L’assomption, une grande fête d’espérance et de joie pour les chrétiens. Une fête aux couleurs pascales. À Pâques nous proclamons la résurrection du Christ, sa victoire sur la mort et sa glorification, puis son ascension au ciel quand il est monté vers celui de qui il est venu, vers son Père et notre Père. Aujourd’hui nous fêtons l’élévation de Marie près de Dieu et de son Fils dans la gloire du ciel. L’Assomption est un mot qui peut se traduire en effet par élévation, comme le faisait Pie XII en 1950 : « … Au terme de sa vie terrestre, Marie a été élevée en son corps et son âme à la gloire du ciel. » Très tôt dans l’Église s’est répandue une tradition au sujet de la mort de Marie. Jésus ressuscité ne pouvait laisser sa Mère connaître la corruption. La femme qui avait donné corps à Dieu dans sa chair et lui avait donné son humanité, devait participer la première à la résurrection de son Fils. Dans la litanie des saints, Marie, mère de Dieu, sera la première nommée, avant les anges et les archanges. Comme pour la résurrection de Jésus ou son ascension, l’assomption de Marie est d’abord un mystère de foi. Les explications techniques ou cliniques sont ici malvenues. L’important est de comprendre avec l’intelligence de la foi et du cœur ce que proclame l’Église à la suite de saint Paul quand il s’adressait aux Corinthiens.

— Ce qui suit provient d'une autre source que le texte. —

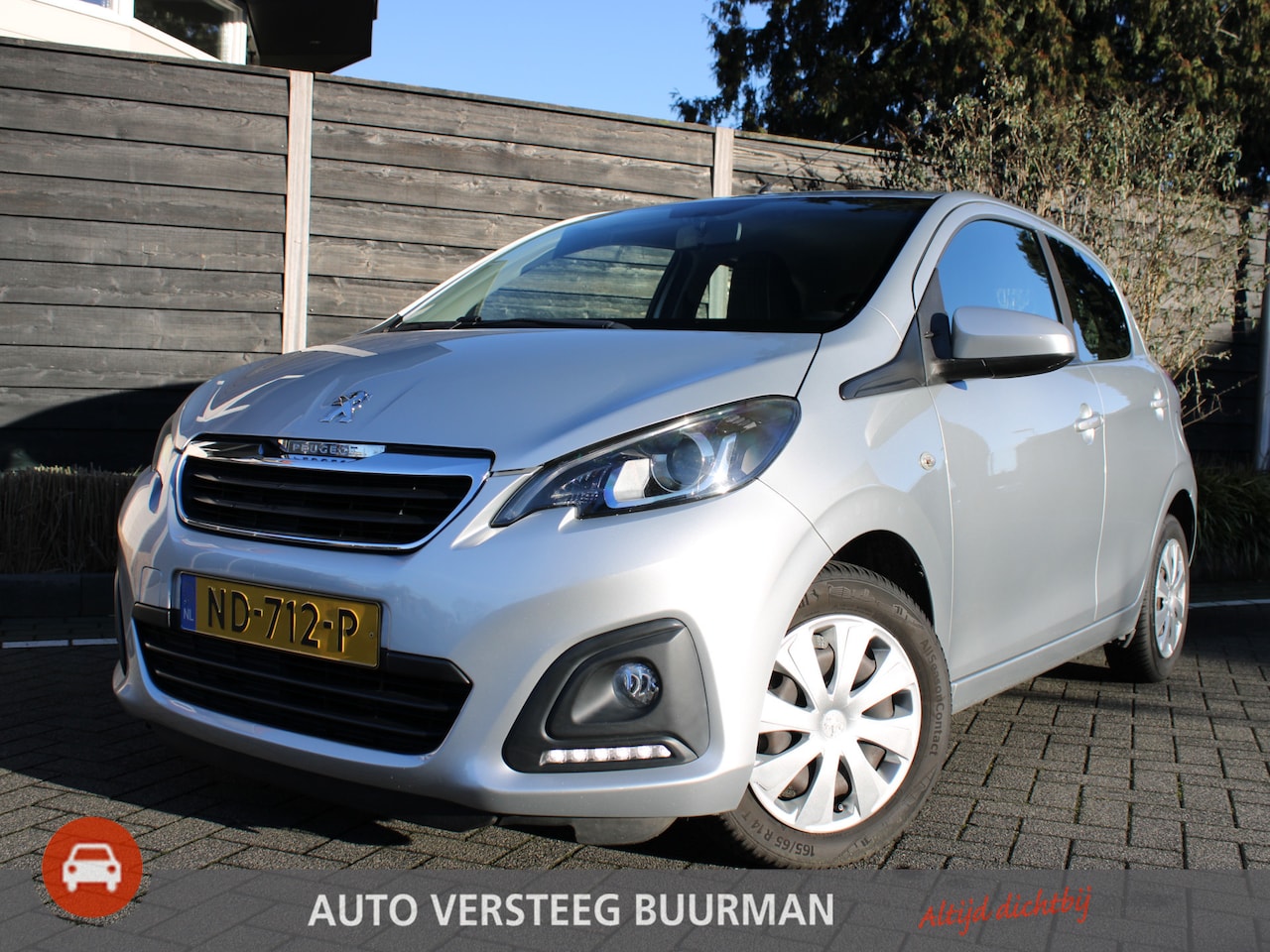 Peugeot 108 - 1.0 e-VTi 70PK Blue Lion 5DRS Airco, Bluetooth, Elektrische Ramen, Multimedia Voorbereidin - AutoWereld.nl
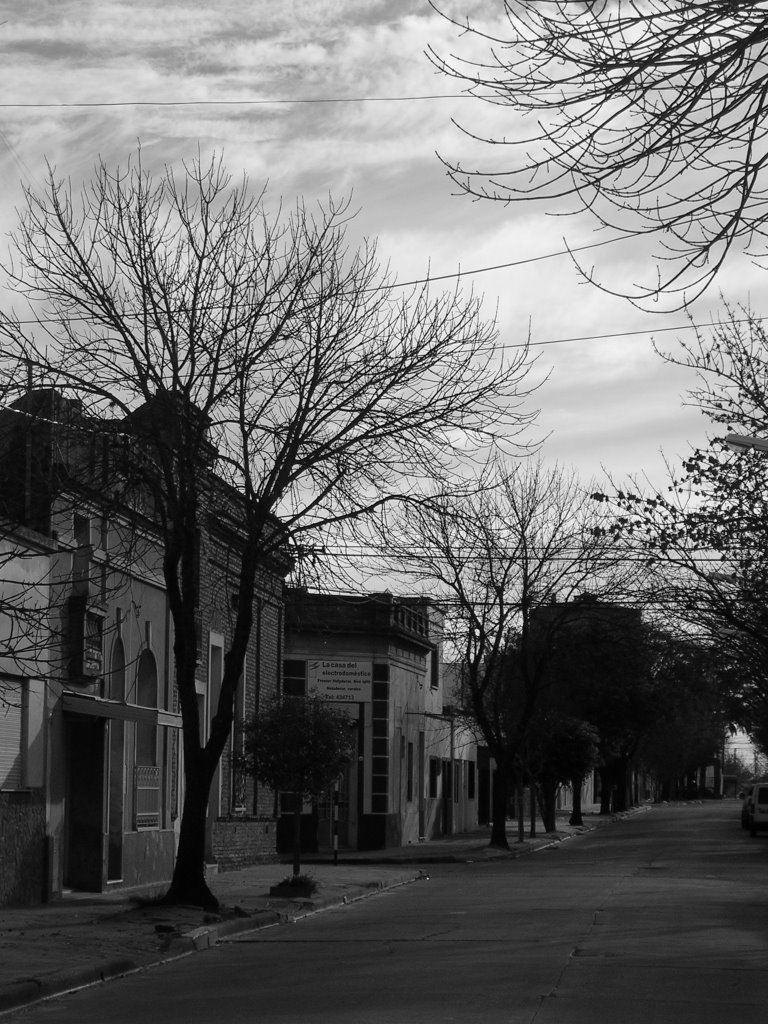 Afternoon in Pergamino
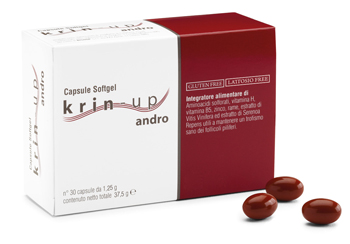 KRIN UP ANDRO 30 CAPSULE - Farmacia De Pasquale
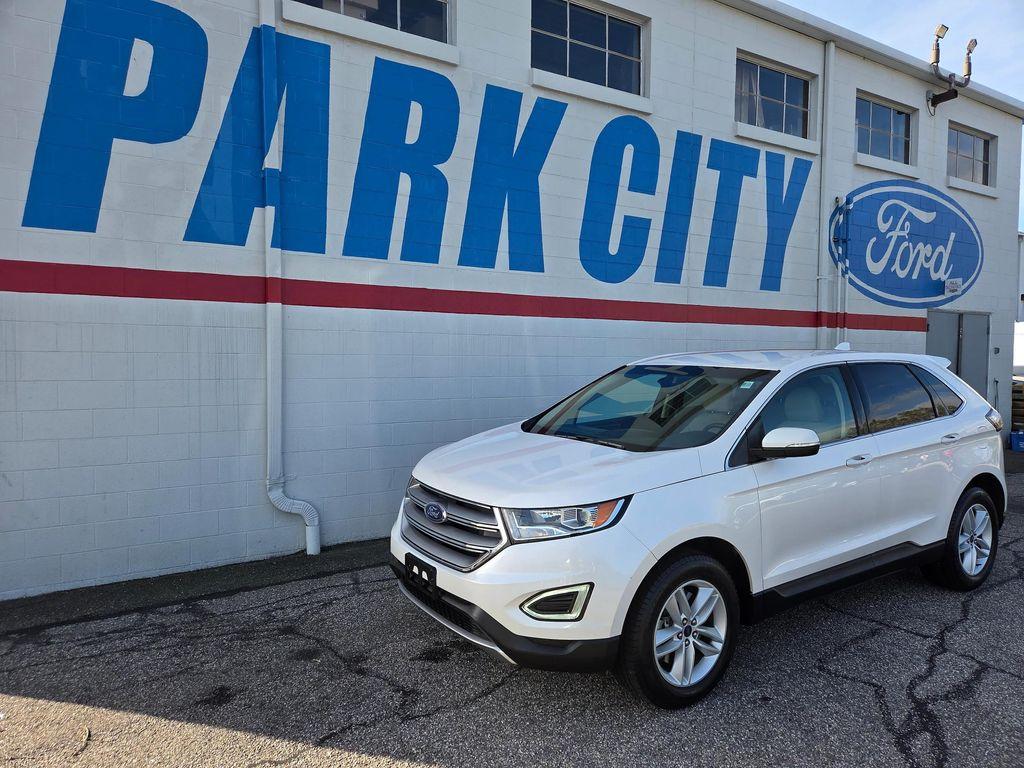 used 2018 Ford Edge car, priced at $18,990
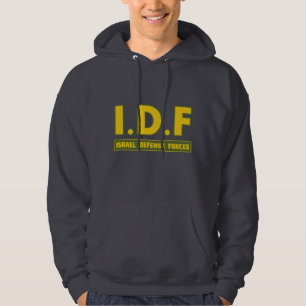 IDF Israel Defense Forces 3 colorize Hoodie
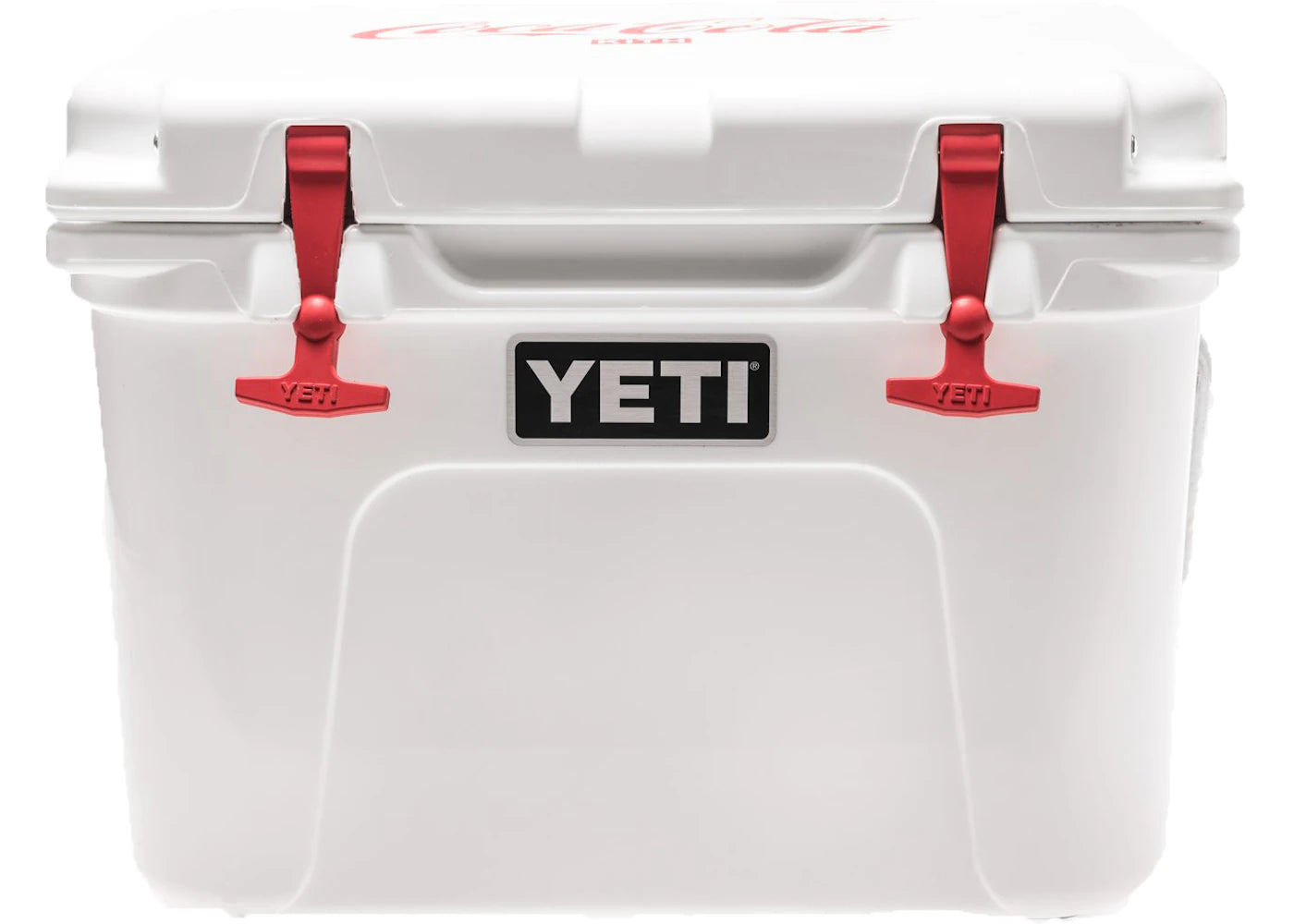 Kith Coca Cola x Yeti Roadie 20 Hard Cooler White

Frères, le Christ est ressuscité d’entre les morts,
lui, premier ressuscité parmi ceux qui se sont endormis.
Car, la mort étant venue par un homme,
c’est par un homme aussi que vient la résurrection des morts.
En effet, de même que tous les hommes meurent en Adam,
de même c’est dans le Christ que tous recevront la vie,
mais chacun à son rang : en premier, le Christ,
et ensuite, lors du retour du Christ, ceux qui lui appartiennent.
Alors, tout sera achevé,
quand le Christ remettra le pouvoir royal à Dieu son Père,
après avoir anéanti, parmi les êtres célestes,
toute Principauté, toute Souveraineté et Puissance.
Car c’est lui qui doit régner jusqu’au jour
où Dieu aura mis sous ses pieds tous ses ennemis.
Et le dernier ennemi qui sera anéanti, c’est la mort,
car il a tout mis sous ses pieds. (1 Co 15, 20-27)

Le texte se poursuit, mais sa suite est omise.